Advanced GitHub Actions: Reusable Workflows, Matrix Builds, and Self-Hosted Runners

Go beyond basic CI/CD with advanced GitHub Actions patterns including reusable workflows, dynamic matrix strategies, self-hosted runners on Kubernetes, and cost optimization techniques for enterprise pipelines.

Beyond Basic GitHub Actions

Most teams start with GitHub Actions by copying a workflow from a blog post — build, test, deploy. It works, and that is fine for a single repository. But as your organization scales to dozens or hundreds of repos, you hit real problems:

  • Duplicated workflow files across every repository
  • Inconsistent CI/CD practices — each team invents their own patterns
  • Slow builds because every job runs sequentially on default runners
  • Escalating costs from GitHub-hosted runner minutes
  • Security gaps because secrets management is ad hoc

This guide covers advanced patterns that solve these problems at scale.

Step 1: Build Reusable Workflows

Reusable workflows are GitHub Actions' answer to DRY (Don't Repeat Yourself).

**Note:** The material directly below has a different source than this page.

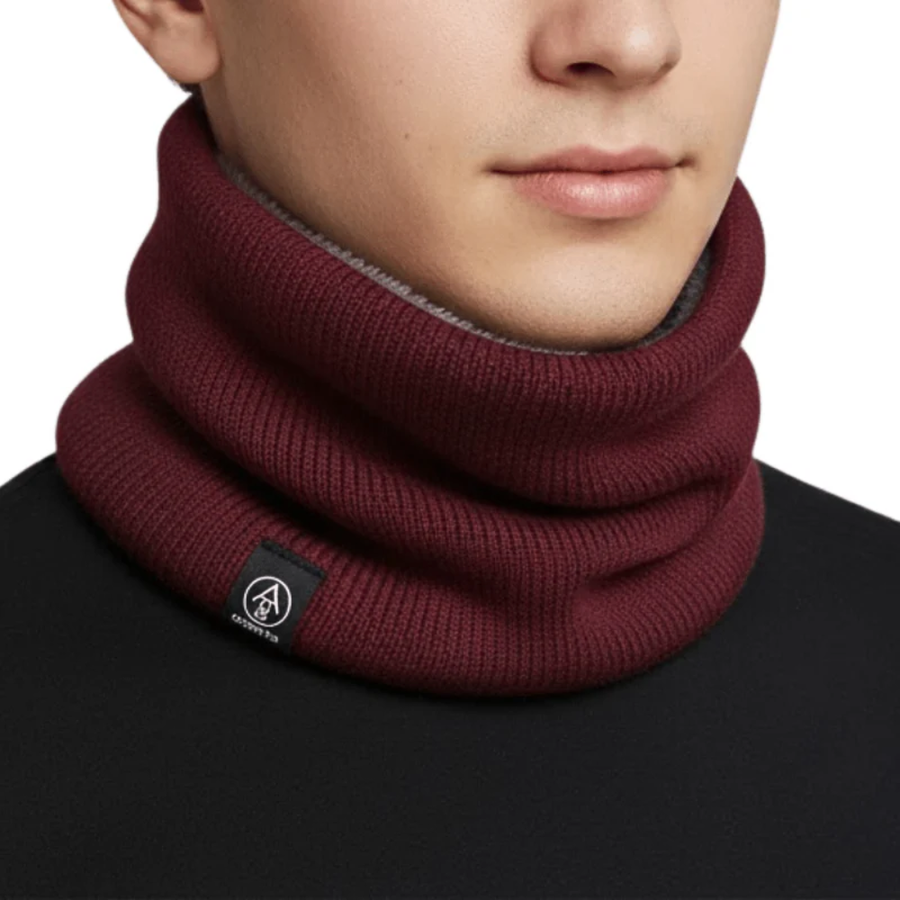 Knitted Thermal Neck Warmer for Cold Weather Outings - product view 5 | Buffalo Gears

You define a workflow once in a central repository and call it from any other repo.

Create a shared workflow in your .github organization repository:

# .github/workflows/docker-build-push.yml
# Organization: myorg/.github repository
name: Docker Build and Push

on:
  workflow_call:
    inputs:
      image_name:
        required: true
        type: string
        description: "Docker image name (e.g., myorg/payment-service)"
      dockerfile:
        required: false
        type: string
        default: "Dockerfile"
      context:
        required: false
        type: string
        default: "."
      platforms:
        required: false
        type: string
        default: "linux/amd64"
      push:
        required: false
        type: boolean
        default: true
    secrets:
      REGISTRY_USERNAME:
        required: true
      REGISTRY_PASSWORD:
        required: true
    outputs:
      image_digest:
        description: "The image digest"
        value: ${{ jobs.build.outputs.digest }}
      image_tag:
        description: "The image tag"
        value: ${{ jobs.build.outputs.tag }}

jobs:
  build:
    runs-on: ubuntu-latest
    outputs:
      digest: ${{ steps.build-push.outputs.digest }}
      tag: ${{ steps.meta.outputs.version }}
    steps:
      - uses: actions/checkout@v4

      - name: Set up Docker Buildx
        uses: docker/setup-buildx-action@v3

      - name: Login to Container Registry
        uses: docker/login-action@v3
        with:
          username: ${{ secrets.REGISTRY_USERNAME }}
          password: ${{ secrets.REGISTRY_PASSWORD }}

      - name: Extract metadata
        id: meta
        uses: docker/metadata-action@v5
        with:
          images: ${{ inputs.image_name }}
          tags: |
            type=sha,prefix=
            type=ref,event=branch
            type=semver,pattern={{version}}
            type=semver,pattern={{major}}.{{minor}}

      - name: Build and Push
        id: build-push
        uses: docker/build-push-action@v5
        with:
          context: ${{ inputs.context }}
          file: ${{ inputs.dockerfile }}
          platforms: ${{ inputs.platforms }}
          push: ${{ inputs.push }}
          tags: ${{ steps.meta.outputs.tags }}
          labels: ${{ steps.meta.outputs.labels }}
          cache-from: type=gha
          cache-to: type=gha,mode=max

      - name: Generate SBOM
        uses: anchore/sbom-action@v0
        with:
          image: ${{ inputs.image_name }}@${{ steps.build-push.outputs.digest }}
          format: spdx-json
          output-file: sbom.spdx.json

      - name: Upload SBOM
        uses: actions/upload-artifact@v4
        with:
          name: sbom
          path: sbom.spdx.json

Now any repository in your organization calls this with minimal configuration:

# payment-service/.github/workflows/ci.yml
name: CI

on:
  push:
    branches: [main]
  pull_request:

jobs:
  test:
    runs-on: ubuntu-latest
    steps:
      - uses: actions/checkout@v4
      - uses: actions/setup-go@v5
        with:
          go-version: "1.22"
      - run: go test ./...

  build:
    needs: test
    uses: myorg/.github/.github/workflows/docker-build-push.yml@main
    with:
      image_name: myorg/payment-service
      platforms: "linux/amd64,linux/arm64"
    secrets:
      REGISTRY_USERNAME: ${{ secrets.REGISTRY_USERNAME }}
      REGISTRY_PASSWORD: ${{ secrets.REGISTRY_PASSWORD }}

  deploy:
    needs: build
    if: github.ref == 'refs/heads/main'
    uses: myorg/.github/.github/workflows/deploy-k8s.yml@main
    with:
      service: payment-service
      image_tag: ${{ needs.build.outputs.image_tag }}
      environment: production
    secrets: inherit

The calling workflow is clean, readable, and consistent across every service in your organization.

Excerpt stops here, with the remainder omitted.